+++ SOURCE INFORMATION

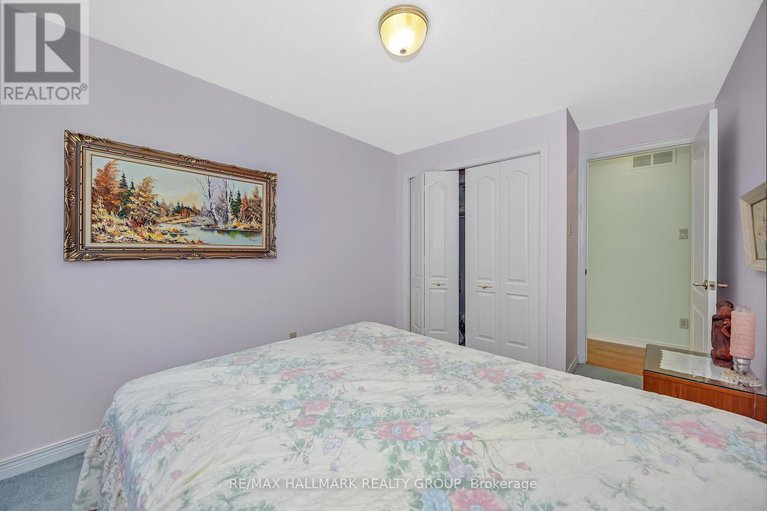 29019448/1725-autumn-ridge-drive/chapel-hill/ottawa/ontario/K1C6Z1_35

++++++
+++ SOURCE INFORMATION

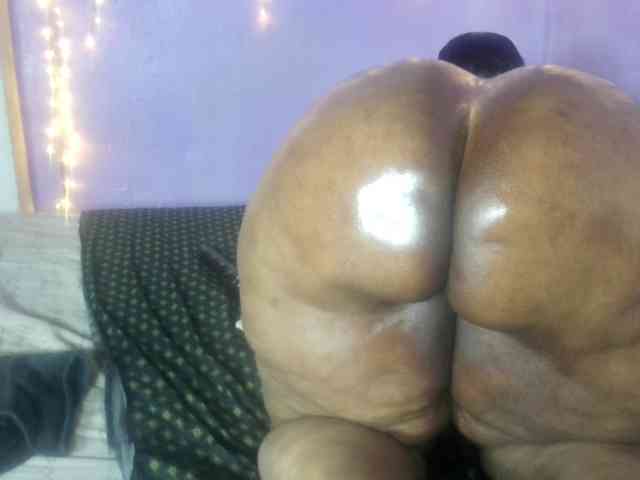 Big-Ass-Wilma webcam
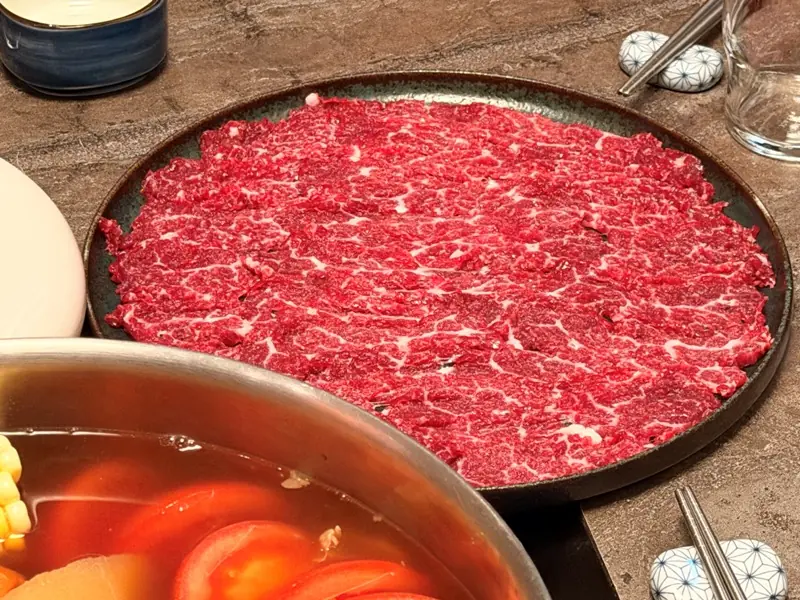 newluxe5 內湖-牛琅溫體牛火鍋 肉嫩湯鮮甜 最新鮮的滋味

++++++

### WHAT YOU SHOULD DO:
Within the material above, only the stretch from the line holding "Big-Ass-Wilma webcam" through the line holding "newluxe5 內湖-牛琅溫體牛火鍋 肉嫩湯鮮甜 最新鮮的滋味" is to be restated exactly. Pictures are dropped.

### OUTPUT OF THE TASK:
 Big-Ass-Wilma webcam
 newluxe5 內湖-牛琅溫體牛火鍋 肉嫩湯鮮甜 最新鮮的滋味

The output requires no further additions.